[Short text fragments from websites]
'''
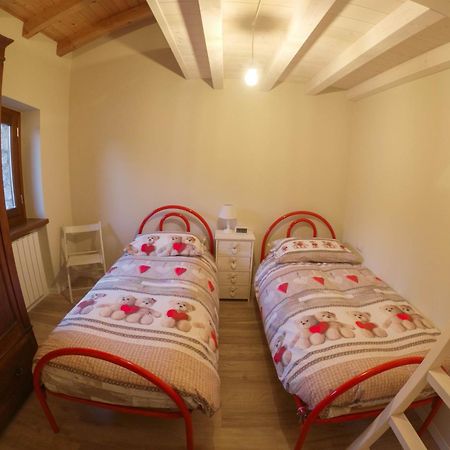 Вилла Casa Vacanza Pratolungo Zogno Экстерьер фото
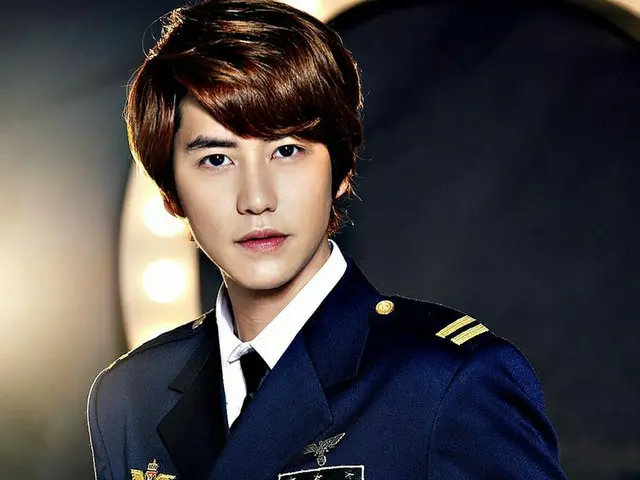 SUPER JUNIOR キュヒョン、軍隊入隊前の最後の音楽番組は「ユ・ヒヨルのスケッチブック」。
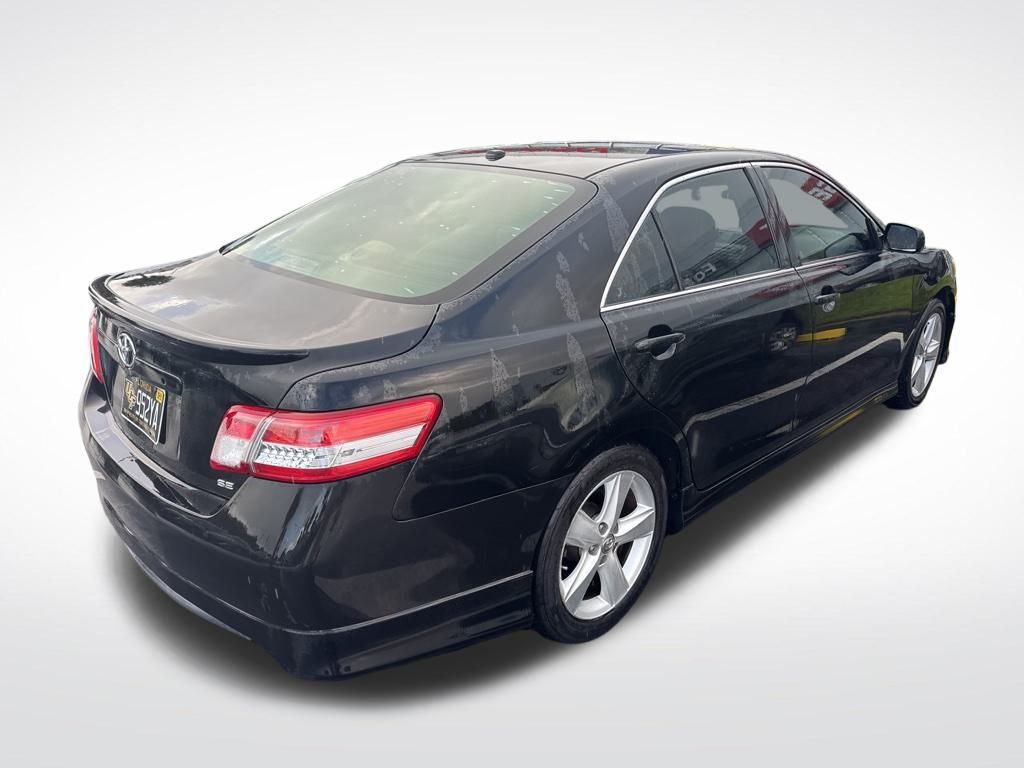 2010 Toyota Camry SE photo 2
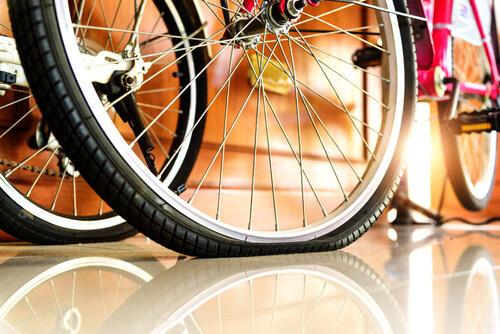 空気が抜けている自転車のタイヤの写真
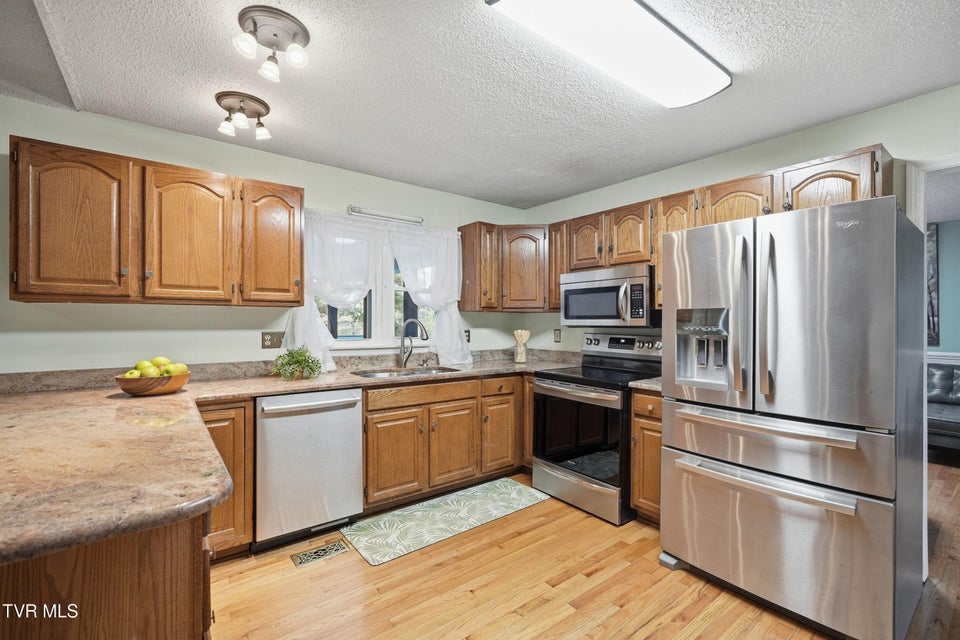 Photo #10: 212 Old Castle Road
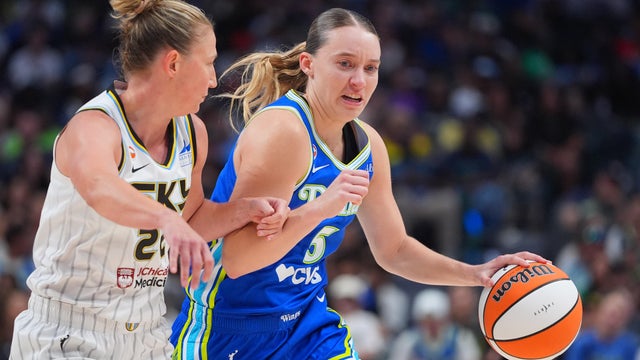 Paige Bueckers,Courtney Vandersloot 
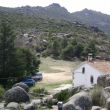 Pea de la Cruz - El refugio, a la izquierda el sector La Fuente, siempre a la sombra, ms arriba el Canchal Calavero, con unos 40 bloques (de momento), y ms arriba el Canchal de la Paloma, con 8 vas (tambien de momento) cortas pero intensas, entre el IV y el 7b.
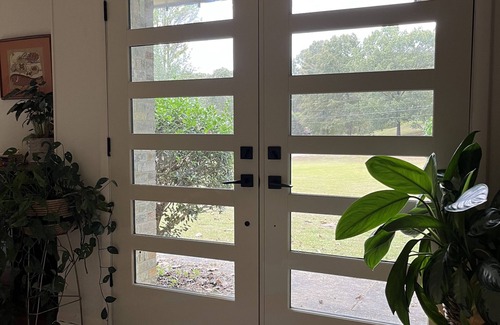 Oxford House | Peaceful Family Getaway just minutes from Square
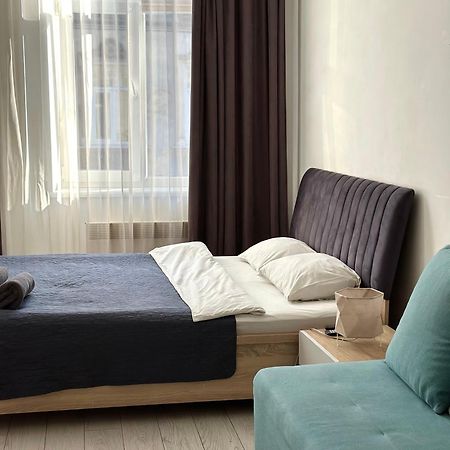 לבוב Romantic Apartments-Near Opera House 5/8 מראה חיצוני תמונה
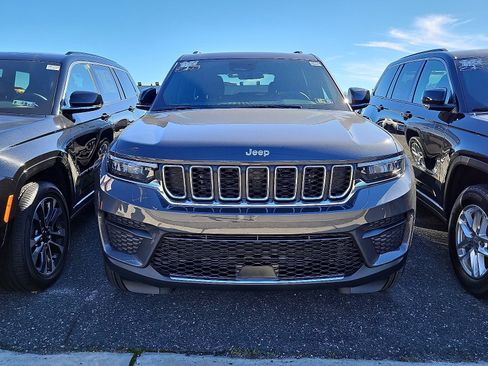 New 2025 Jeep Grand Cherokee Laredo X image 2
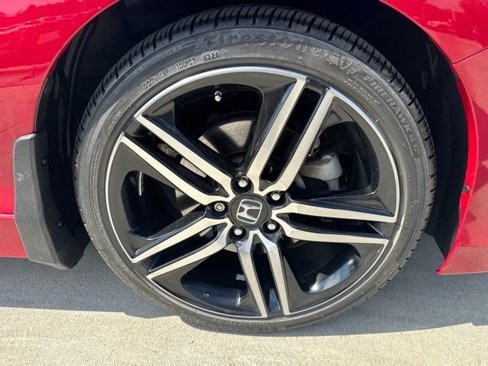 Used 2017 Honda Accord Sport image 11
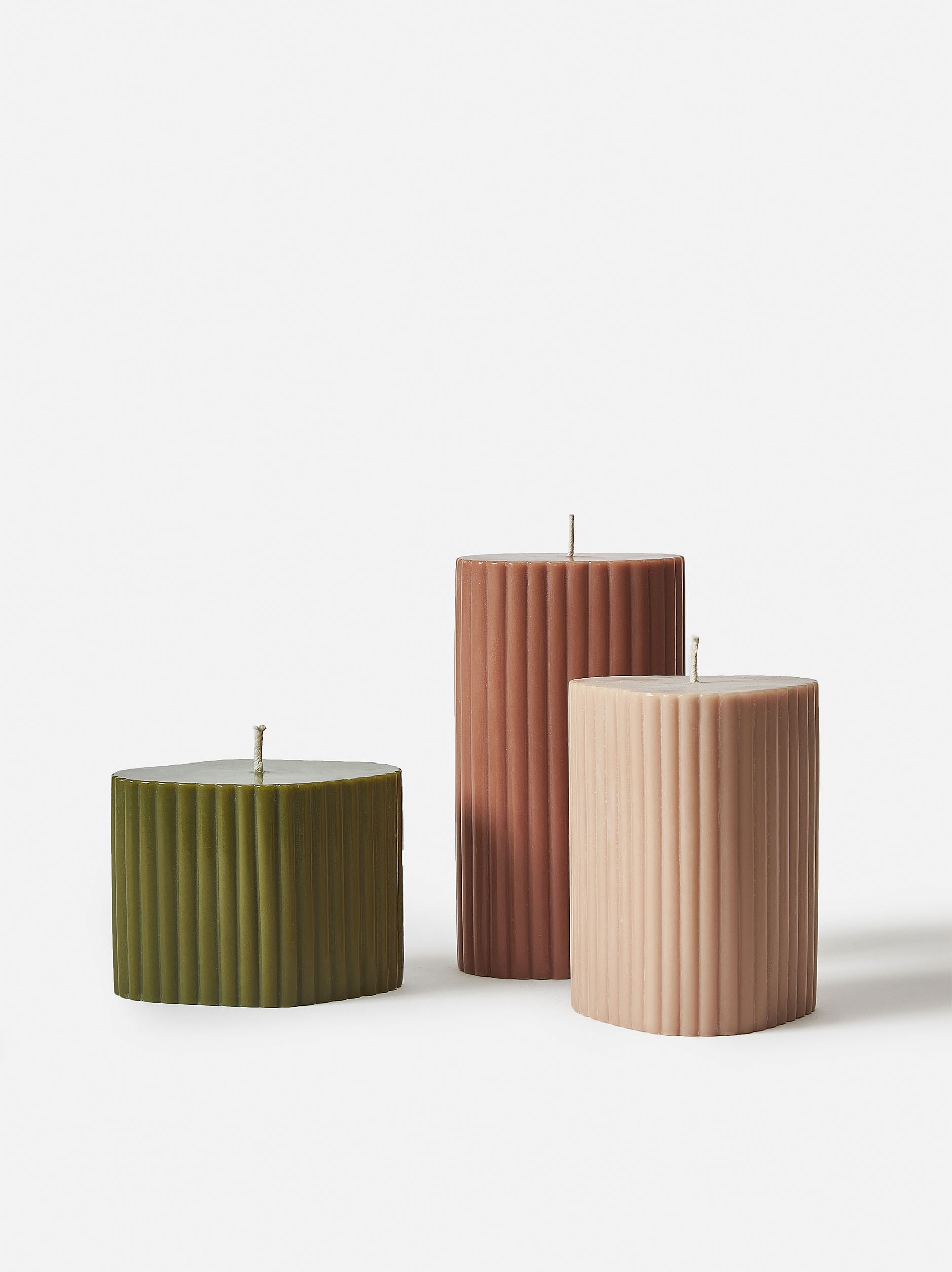 Costa Pillar Candle Plum / Large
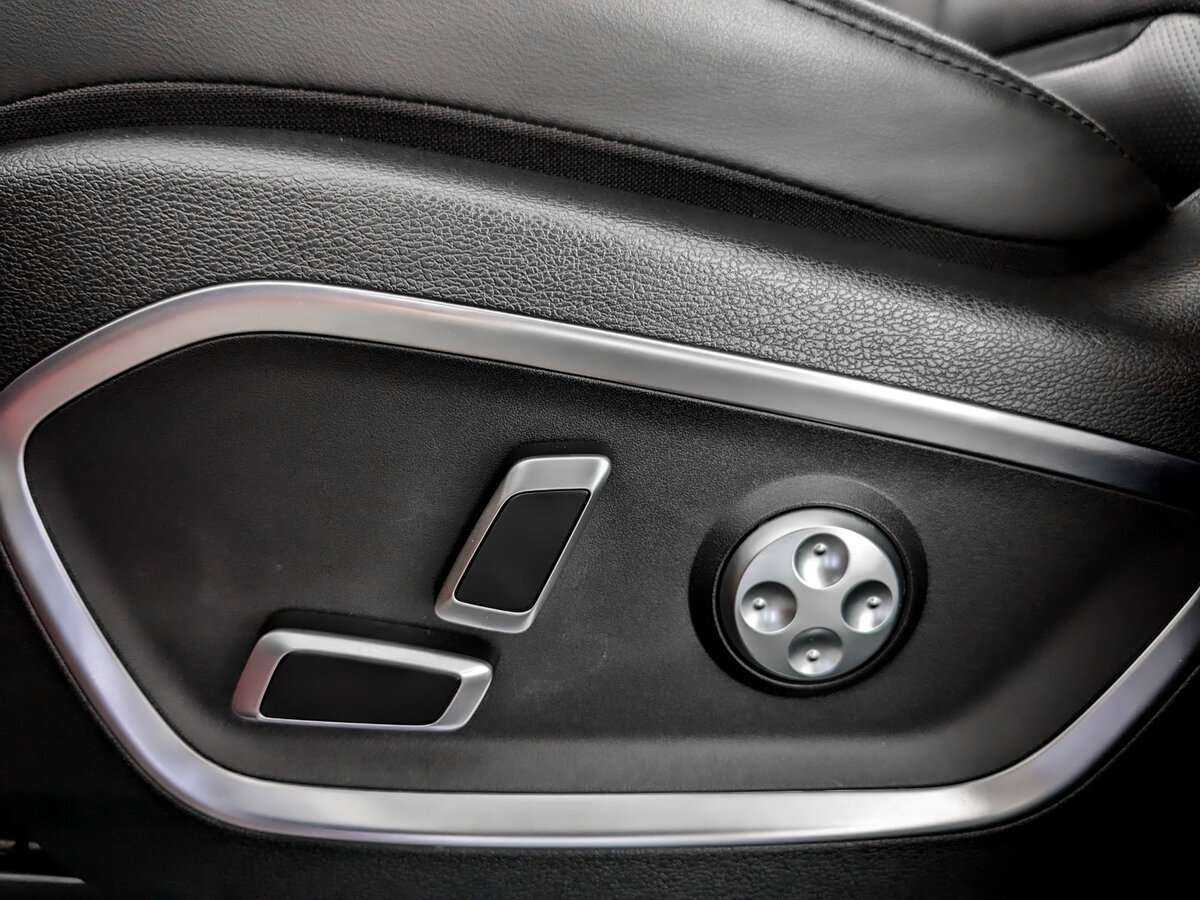 Geely Tugella, 2021 Фото №17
'''
WORK ORDER
Leave out every picture and transcribe the remaining entries exactly.

YOUR RESPONSE
 Вилла Casa Vacanza Pratolungo Zogno Экстерьер фото
 SUPER JUNIOR キュヒョン、軍隊入隊前の最後の音楽番組は「ユ・ヒヨルのスケッチブック」。
 2010 Toyota Camry SE photo 2
 空気が抜けている自転車のタイヤの写真
 Photo #10: 212 Old Castle Road
 Paige Bueckers,Courtney Vandersloot 
 Pea de la Cruz - El refugio, a la izquierda el sector La Fuente, siempre a la sombra, ms arriba el Canchal Calavero, con unos 40 bloques (de momento), y ms arriba el Canchal de la Paloma, con 8 vas (tambien de momento) cortas pero intensas, entre el IV y el 7b.
 Oxford House | Peaceful Family Getaway just minutes from Square
 לבוב Romantic Apartments-Near Opera House 5/8 מראה חיצוני תמונה
 New 2025 Jeep Grand Cherokee Laredo X image 2
 Used 2017 Honda Accord Sport image 11
 Costa Pillar Candle Plum / Large
 Geely Tugella, 2021 Фото №17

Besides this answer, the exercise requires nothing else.